Trata-se do caso do Voo Fairchild FH-227D, da Força Aérea Uruguaia, que levava 40 passageiros e 5 tripulantes - 19 deles sendo membros da equipe de rugby Old Christians, de Montevidéu - com destino a Santiago, no Chile. Era o dia 12 de outubro de 1972. A previsão inicial era de que o voo sem escalas duraria cerca 3 horas e meia, mas as más condições climáticas tornaram a viagem bastante instável, desde os primeiros momentos.
Porém, após algumas poucas horas no ar, notícias de mau tempo
nas montanhas forçaram o piloto Julio Ferradas a aterrissar na antiga cidade
colonial de Mendoza, na Argentina, logo ao leste dos Andes. No dia seguinte, os passageiros aguardavam o horário da partida e não entendiam o porquê da demora, afinal, até às 13h ainda não havia informações sobre o vôo. A verdade é que os pilotos tinham uma decisão muito complicada para tomar. O boletim do tempo
daquela manhã advertia sobre uma certa turbulência na rota, mas depois de
falar com o piloto de um avião de carga que acabara de chegar de Santiago,
o piloto Ferradas estava confiante que o Fairchild podia sobrevoar o mau tempo com
segurança. O problema mais grave era a hora; já era começo da tarde e
até que os passageiros embarcassem e tudo estivesse acertado com os
funcionários do aeroporto já passaria das 14 horas. À tarde, o ar quente sobe das
colinas argentinas e se encontra com o ar gelado acima da linha de neve, gerando
uma instabilidade traiçoeira na atmosfera sobre as montanhas, o que é muito perigoso para um vôo. E os pilotos
sabiam que esse era o horário mais perigoso para sobrevoar os Andes. Não havia
como prever onde aquelas correntes iriam bater, e, se elas os
pegassem, o avião seria jogado de um lado para o outro como um
brinquedo. Para piorar a situação, eles não poderiam ficar parados em Mendoza pois a aeronave era
um Fairchild F-227 da Força Aérea Uruguaia.
E as leis da Argentina proibiam que um avião militar estrangeiro permanecesse
em solo argentino por mais de 24 horas. Uma burocracia inútil que certamente influenciou na segurança do vôo. Como o tempo estava se esgotando, os pilotos tinham que tomar uma decisão rápida: partir para Santiago e
enfrentar o céu vespertino e perigoso ou voar com o Fairchild de volta para o Uruguai e
acabar com o sonho daqueles jovens jogadores?
A essa altura os jovens passageiros já não aguentavam mais esperar e começaram a pressionar os pilotos zombando deles, dando a entender que não estavam fazendo o trabalho corretamente. Por motivos desconhecidos, os pilotos tomaram a decisão de prosseguir e o Fairchild decolou do aeroporto de Mendoza às 14h18.

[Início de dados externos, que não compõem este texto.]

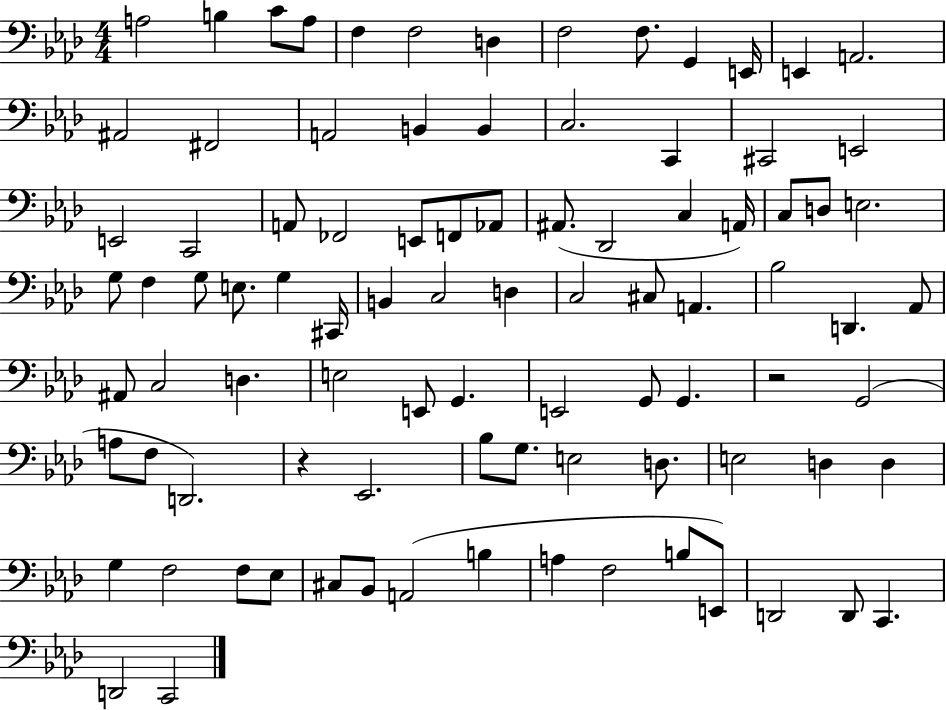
A3/h B3/q C4/e A3/e F3/q F3/h D3/q F3/h F3/e. G2/q E2/s E2/q A2/h. A#2/h F#2/h A2/h B2/q B2/q C3/h. C2/q C#2/h E2/h E2/h C2/h A2/e FES2/h E2/e F2/e Ab2/e A#2/e. Db2/h C3/q A2/s C3/e D3/e E3/h. G3/e F3/q G3/e E3/e. G3/q C#2/s B2/q C3/h D3/q C3/h C#3/e A2/q. Bb3/h D2/q. Ab2/e A#2/e C3/h D3/q. E3/h E2/e G2/q. E2/h G2/e G2/q. R/h G2/h A3/e F3/e D2/h. R/q Eb2/h. Bb3/e G3/e. E3/h D3/e. E3/h D3/q D3/q G3/q F3/h F3/e Eb3/e C#3/e Bb2/e A2/h B3/q A3/q F3/h B3/e E2/e D2/h D2/e C2/q. D2/h C2/h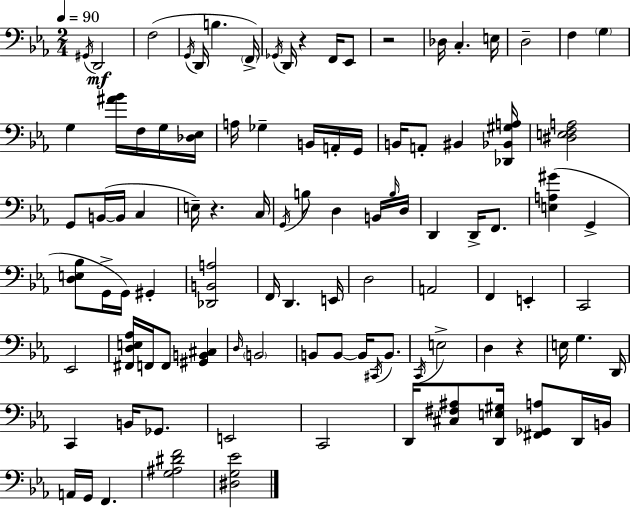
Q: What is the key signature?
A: EES major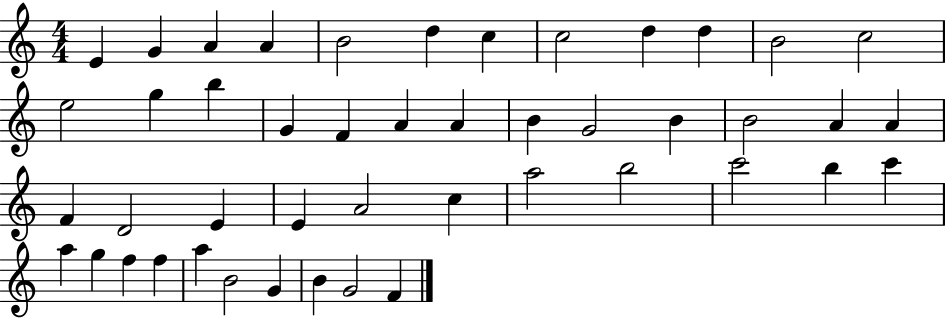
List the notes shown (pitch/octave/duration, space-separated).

E4/q G4/q A4/q A4/q B4/h D5/q C5/q C5/h D5/q D5/q B4/h C5/h E5/h G5/q B5/q G4/q F4/q A4/q A4/q B4/q G4/h B4/q B4/h A4/q A4/q F4/q D4/h E4/q E4/q A4/h C5/q A5/h B5/h C6/h B5/q C6/q A5/q G5/q F5/q F5/q A5/q B4/h G4/q B4/q G4/h F4/q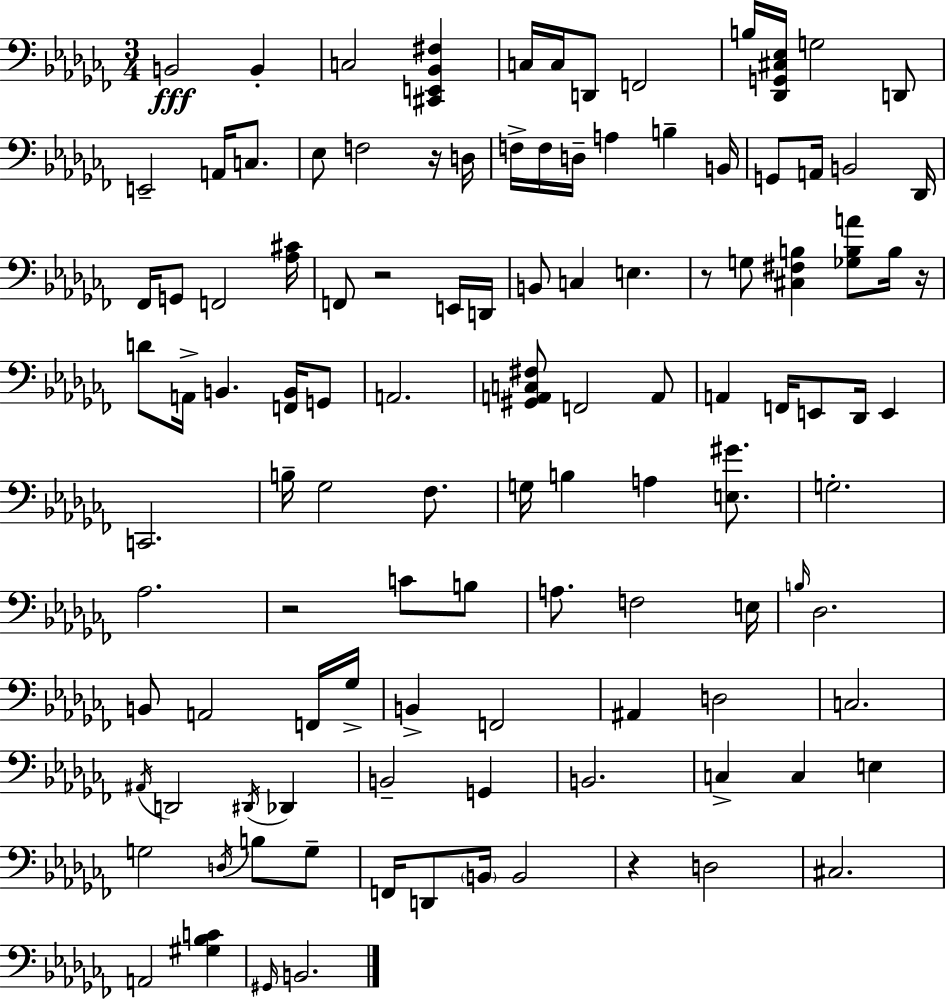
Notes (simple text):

B2/h B2/q C3/h [C#2,E2,Bb2,F#3]/q C3/s C3/s D2/e F2/h B3/s [Db2,G2,C#3,Eb3]/s G3/h D2/e E2/h A2/s C3/e. Eb3/e F3/h R/s D3/s F3/s F3/s D3/s A3/q B3/q B2/s G2/e A2/s B2/h Db2/s FES2/s G2/e F2/h [Ab3,C#4]/s F2/e R/h E2/s D2/s B2/e C3/q E3/q. R/e G3/e [C#3,F#3,B3]/q [Gb3,B3,A4]/e B3/s R/s D4/e A2/s B2/q. [F2,B2]/s G2/e A2/h. [G#2,A2,C3,F#3]/e F2/h A2/e A2/q F2/s E2/e Db2/s E2/q C2/h. B3/s Gb3/h FES3/e. G3/s B3/q A3/q [E3,G#4]/e. G3/h. Ab3/h. R/h C4/e B3/e A3/e. F3/h E3/s B3/s Db3/h. B2/e A2/h F2/s Gb3/s B2/q F2/h A#2/q D3/h C3/h. A#2/s D2/h D#2/s Db2/q B2/h G2/q B2/h. C3/q C3/q E3/q G3/h D3/s B3/e G3/e F2/s D2/e B2/s B2/h R/q D3/h C#3/h. A2/h [G#3,Bb3,C4]/q G#2/s B2/h.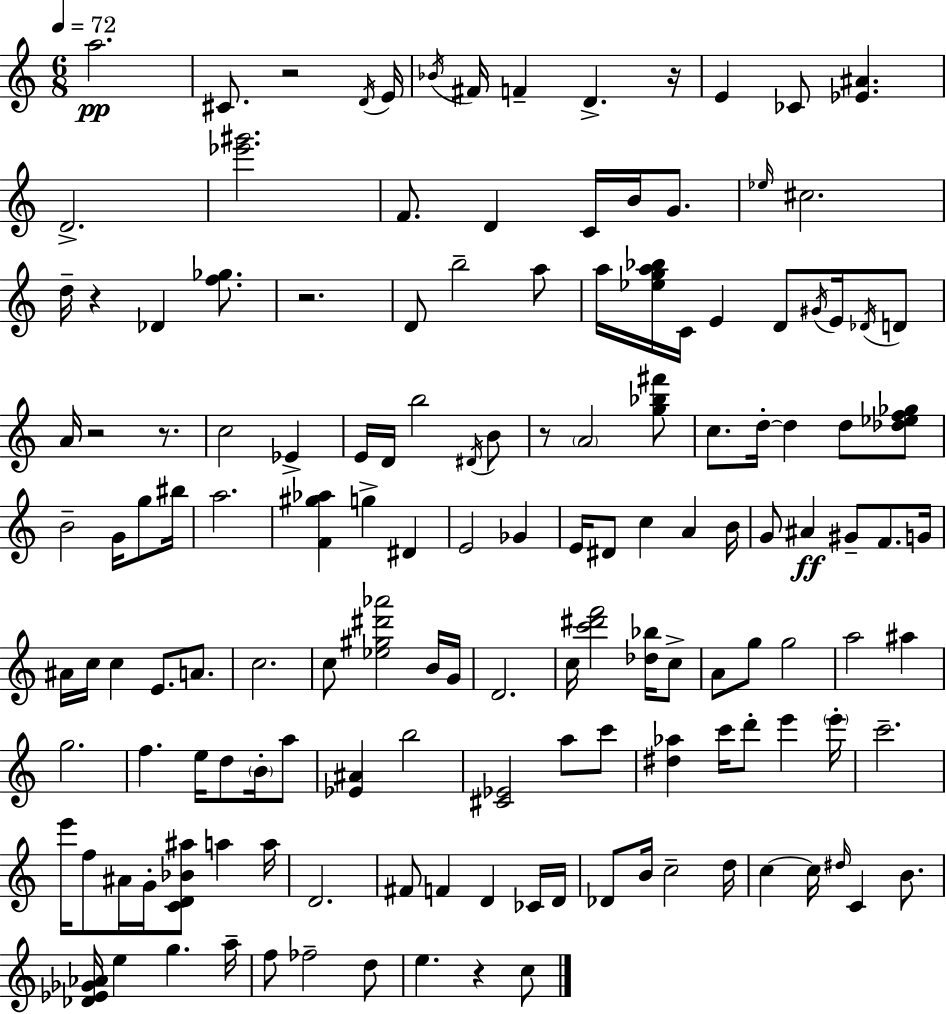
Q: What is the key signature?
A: C major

As condições meteorológicas, que continuavam péssimas, confundiram os pilotos que, em determinado ponto, fizeram o avião descer mais do que era seguro. Naquele momento, eles estavam sobrevoando a Cordilheira dos Andes. O desastre foi desencadeado, então, no momento em que o avião se chocou com os picos de algumas montanhas.

Ainda no ar, a aeronave começou a se desfazer, perdendo as duas asas e a cauda. Nesse momento, com a abertura na fuselagem, vários passageiros acabaram sendo arremessados para fora do avião. Depois de cair de forma brusca, a aeronave aterrissou violentamente na neve, vindo a se chocar contra uma montanha. Quando o avião finalmente interrompeu sua queda, os sobreviventes do impacto conseguiram sair da fuselagem.

17 pessoas perderam a vida no impacto, ou nas primeiras horas que se sucederam ao evento. Os que sobreviveram, por sua vez, se descobriram em meio a um verdadeiro deserto de gelo - o Vale das Lágrimas, a quase 4 mil metros de altitude, em algum ponto próximo à fronteira da Argentina com o Chile. Nesse local completamente inóspito, as temperaturas se aproximam dos 40º C negativos, e há frequente incidência de ventos fortes. Sem roupas apropriados para aquela temperatura, os sobreviventes precisaram lidar, ainda, com a falta de água e comida, e também com a depressão.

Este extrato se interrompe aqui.